-- Your objective --
Below is a listing. Set down exactly the lines from the one containing "Изображение товара Шкаф" through the one containing "Two people are", both ends included, and leave out the rest.

-- Source material --
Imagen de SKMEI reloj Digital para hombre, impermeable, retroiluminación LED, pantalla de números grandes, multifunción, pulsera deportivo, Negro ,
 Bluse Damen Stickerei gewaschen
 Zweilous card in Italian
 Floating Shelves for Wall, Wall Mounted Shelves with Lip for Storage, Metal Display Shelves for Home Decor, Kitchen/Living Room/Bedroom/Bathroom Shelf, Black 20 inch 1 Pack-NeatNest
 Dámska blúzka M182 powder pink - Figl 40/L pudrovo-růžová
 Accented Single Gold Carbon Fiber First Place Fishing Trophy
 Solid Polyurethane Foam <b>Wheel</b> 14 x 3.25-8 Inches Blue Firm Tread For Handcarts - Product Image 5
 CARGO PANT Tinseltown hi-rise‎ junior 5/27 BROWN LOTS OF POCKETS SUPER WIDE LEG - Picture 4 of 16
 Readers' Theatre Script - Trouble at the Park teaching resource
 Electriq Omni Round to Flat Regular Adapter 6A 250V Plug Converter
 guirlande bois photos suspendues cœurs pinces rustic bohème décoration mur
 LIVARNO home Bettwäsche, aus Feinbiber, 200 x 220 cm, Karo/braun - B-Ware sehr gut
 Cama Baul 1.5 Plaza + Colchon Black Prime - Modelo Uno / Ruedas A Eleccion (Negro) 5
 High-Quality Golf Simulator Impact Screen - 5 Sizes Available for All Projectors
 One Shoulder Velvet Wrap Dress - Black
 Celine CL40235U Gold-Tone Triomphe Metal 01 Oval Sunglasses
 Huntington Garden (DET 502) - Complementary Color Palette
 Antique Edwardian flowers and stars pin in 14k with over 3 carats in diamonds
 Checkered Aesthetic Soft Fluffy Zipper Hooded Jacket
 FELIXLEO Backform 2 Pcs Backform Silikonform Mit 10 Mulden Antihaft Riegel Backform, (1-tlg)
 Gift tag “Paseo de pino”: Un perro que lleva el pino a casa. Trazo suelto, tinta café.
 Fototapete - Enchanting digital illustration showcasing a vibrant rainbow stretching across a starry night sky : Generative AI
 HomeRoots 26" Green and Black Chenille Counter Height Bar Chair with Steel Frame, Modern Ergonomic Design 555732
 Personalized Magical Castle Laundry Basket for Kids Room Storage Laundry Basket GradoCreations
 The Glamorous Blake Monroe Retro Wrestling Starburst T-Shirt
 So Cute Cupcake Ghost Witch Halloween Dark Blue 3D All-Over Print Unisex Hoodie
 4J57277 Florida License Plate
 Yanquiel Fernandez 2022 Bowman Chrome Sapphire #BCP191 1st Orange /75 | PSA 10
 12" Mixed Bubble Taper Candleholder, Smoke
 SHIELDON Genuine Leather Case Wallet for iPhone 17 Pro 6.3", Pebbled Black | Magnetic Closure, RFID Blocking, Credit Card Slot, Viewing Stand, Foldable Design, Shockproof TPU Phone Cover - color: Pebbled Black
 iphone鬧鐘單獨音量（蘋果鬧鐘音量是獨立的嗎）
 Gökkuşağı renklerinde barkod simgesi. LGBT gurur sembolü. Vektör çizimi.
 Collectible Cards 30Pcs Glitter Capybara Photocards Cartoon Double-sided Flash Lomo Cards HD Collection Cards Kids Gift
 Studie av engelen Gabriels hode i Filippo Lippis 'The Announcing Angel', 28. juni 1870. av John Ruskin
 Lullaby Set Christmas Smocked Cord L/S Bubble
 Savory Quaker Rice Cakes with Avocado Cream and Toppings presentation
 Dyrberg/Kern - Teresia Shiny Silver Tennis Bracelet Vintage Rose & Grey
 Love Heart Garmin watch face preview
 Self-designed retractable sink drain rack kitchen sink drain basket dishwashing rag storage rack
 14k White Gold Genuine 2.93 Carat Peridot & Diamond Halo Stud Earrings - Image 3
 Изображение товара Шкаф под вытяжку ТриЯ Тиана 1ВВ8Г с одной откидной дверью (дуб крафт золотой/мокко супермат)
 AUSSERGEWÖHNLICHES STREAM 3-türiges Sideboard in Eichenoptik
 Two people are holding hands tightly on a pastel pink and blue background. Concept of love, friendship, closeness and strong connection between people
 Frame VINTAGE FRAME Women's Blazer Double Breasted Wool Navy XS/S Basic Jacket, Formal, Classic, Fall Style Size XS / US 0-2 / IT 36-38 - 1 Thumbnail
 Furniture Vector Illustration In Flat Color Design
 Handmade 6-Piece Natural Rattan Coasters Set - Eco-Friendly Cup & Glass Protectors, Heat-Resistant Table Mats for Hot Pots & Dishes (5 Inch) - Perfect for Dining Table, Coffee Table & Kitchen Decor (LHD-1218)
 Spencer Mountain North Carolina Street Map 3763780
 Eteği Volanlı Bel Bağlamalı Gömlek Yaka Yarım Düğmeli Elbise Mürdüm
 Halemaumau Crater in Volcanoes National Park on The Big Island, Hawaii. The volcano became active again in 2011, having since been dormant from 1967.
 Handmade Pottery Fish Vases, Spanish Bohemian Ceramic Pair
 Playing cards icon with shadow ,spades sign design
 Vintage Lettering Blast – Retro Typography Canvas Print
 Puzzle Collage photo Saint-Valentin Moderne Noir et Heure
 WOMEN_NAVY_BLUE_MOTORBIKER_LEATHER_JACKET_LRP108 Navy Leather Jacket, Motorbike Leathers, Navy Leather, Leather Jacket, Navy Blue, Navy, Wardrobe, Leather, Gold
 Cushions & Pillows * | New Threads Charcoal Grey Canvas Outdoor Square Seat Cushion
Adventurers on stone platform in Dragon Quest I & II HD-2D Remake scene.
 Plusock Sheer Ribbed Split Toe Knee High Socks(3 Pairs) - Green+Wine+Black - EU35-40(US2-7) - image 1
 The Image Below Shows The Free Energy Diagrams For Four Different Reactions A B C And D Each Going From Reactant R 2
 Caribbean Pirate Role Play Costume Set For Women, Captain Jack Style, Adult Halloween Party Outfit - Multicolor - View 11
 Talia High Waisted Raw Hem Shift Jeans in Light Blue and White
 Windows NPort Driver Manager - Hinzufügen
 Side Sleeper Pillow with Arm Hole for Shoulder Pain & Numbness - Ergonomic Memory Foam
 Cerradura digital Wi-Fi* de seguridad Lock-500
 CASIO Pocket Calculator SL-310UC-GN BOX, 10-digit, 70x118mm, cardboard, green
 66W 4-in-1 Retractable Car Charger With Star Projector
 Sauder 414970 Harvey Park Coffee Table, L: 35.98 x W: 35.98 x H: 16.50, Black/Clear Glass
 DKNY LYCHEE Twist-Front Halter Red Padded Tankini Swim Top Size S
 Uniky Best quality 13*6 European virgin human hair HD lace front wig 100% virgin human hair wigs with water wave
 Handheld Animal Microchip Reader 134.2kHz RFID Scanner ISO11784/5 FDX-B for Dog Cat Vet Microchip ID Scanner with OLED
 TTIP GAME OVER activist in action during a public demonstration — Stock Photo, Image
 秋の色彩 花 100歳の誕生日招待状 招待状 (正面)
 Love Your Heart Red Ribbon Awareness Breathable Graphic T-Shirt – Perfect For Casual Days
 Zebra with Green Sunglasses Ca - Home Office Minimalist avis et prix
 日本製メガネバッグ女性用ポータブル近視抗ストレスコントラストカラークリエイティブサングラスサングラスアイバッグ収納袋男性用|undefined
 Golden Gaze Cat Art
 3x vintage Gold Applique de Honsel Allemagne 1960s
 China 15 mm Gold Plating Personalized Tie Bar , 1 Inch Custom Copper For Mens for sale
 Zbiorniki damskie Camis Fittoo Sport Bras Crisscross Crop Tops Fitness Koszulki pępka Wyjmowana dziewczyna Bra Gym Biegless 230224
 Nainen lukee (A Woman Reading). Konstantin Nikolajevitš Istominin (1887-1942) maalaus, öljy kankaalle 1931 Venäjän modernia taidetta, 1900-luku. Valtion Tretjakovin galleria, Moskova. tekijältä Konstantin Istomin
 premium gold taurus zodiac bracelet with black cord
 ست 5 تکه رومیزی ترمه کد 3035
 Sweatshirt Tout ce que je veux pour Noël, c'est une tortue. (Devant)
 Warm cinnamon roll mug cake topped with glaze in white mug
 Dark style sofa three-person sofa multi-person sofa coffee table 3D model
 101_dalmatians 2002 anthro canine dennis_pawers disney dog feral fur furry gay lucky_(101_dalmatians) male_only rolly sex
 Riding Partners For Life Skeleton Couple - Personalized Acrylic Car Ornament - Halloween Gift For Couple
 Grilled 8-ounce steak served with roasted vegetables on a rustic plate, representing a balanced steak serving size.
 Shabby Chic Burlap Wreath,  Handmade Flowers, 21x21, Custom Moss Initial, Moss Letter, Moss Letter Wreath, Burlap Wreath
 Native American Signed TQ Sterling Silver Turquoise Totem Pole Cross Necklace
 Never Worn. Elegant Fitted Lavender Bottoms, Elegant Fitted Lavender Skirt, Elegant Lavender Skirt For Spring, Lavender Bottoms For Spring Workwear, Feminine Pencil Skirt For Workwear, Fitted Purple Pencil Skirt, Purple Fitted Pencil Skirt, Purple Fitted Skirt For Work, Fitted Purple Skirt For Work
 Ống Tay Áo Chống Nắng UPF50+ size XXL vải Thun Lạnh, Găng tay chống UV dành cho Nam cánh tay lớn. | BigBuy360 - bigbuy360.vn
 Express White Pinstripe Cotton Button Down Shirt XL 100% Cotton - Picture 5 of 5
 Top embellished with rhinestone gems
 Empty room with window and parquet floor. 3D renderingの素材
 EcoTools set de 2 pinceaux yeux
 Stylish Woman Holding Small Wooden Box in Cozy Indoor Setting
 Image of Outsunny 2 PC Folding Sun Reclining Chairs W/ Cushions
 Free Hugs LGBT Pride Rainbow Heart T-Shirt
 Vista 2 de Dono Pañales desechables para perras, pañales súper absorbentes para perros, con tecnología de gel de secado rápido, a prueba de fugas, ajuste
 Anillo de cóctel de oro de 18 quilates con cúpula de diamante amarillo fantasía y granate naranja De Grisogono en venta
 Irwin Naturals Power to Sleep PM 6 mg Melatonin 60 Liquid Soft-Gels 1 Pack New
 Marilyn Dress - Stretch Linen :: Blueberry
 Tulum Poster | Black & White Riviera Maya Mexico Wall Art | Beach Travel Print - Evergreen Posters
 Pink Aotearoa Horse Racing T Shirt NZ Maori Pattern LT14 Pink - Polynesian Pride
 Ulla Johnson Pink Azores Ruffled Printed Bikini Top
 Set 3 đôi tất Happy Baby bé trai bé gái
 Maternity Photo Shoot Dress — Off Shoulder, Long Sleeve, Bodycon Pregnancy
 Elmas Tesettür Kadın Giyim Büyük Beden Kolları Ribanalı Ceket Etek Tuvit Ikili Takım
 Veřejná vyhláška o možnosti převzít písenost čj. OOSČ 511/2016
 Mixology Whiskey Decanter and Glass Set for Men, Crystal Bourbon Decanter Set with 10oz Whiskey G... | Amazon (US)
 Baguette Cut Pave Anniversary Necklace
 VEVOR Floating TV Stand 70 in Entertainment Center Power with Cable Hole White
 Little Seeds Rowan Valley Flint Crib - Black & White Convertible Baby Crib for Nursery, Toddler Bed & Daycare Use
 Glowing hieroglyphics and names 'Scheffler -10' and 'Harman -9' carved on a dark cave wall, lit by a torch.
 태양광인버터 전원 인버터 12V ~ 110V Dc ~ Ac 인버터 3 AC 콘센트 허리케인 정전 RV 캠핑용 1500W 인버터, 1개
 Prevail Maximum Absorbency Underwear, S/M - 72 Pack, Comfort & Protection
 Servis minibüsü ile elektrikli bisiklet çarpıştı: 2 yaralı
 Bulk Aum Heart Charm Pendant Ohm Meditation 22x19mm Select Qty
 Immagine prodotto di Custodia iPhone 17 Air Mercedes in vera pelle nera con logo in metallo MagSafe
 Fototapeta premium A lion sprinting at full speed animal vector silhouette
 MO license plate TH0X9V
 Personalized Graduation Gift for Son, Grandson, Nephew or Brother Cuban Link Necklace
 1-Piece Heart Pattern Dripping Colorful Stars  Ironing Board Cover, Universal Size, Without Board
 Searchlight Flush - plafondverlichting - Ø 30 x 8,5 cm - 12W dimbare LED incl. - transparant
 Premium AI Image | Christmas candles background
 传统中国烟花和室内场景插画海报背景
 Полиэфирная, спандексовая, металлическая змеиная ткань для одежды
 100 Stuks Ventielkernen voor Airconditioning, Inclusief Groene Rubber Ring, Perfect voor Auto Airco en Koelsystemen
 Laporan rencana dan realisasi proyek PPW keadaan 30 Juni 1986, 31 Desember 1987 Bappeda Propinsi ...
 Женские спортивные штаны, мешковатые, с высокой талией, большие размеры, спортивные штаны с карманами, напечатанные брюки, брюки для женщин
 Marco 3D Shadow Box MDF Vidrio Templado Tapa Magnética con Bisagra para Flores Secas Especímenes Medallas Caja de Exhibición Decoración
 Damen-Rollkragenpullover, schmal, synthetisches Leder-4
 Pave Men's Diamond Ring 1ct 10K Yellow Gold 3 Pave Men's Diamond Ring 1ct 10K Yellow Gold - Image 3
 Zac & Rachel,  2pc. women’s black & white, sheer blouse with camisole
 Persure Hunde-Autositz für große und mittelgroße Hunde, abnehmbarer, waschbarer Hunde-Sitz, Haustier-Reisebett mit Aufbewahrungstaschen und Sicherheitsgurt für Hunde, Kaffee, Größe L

-- Solved exercise --
 Изображение товара Шкаф под вытяжку ТриЯ Тиана 1ВВ8Г с одной откидной дверью (дуб крафт золотой/мокко супермат)
 AUSSERGEWÖHNLICHES STREAM 3-türiges Sideboard in Eichenoptik
 Two people are holding hands tightly on a pastel pink and blue background. Concept of love, friendship, closeness and strong connection between people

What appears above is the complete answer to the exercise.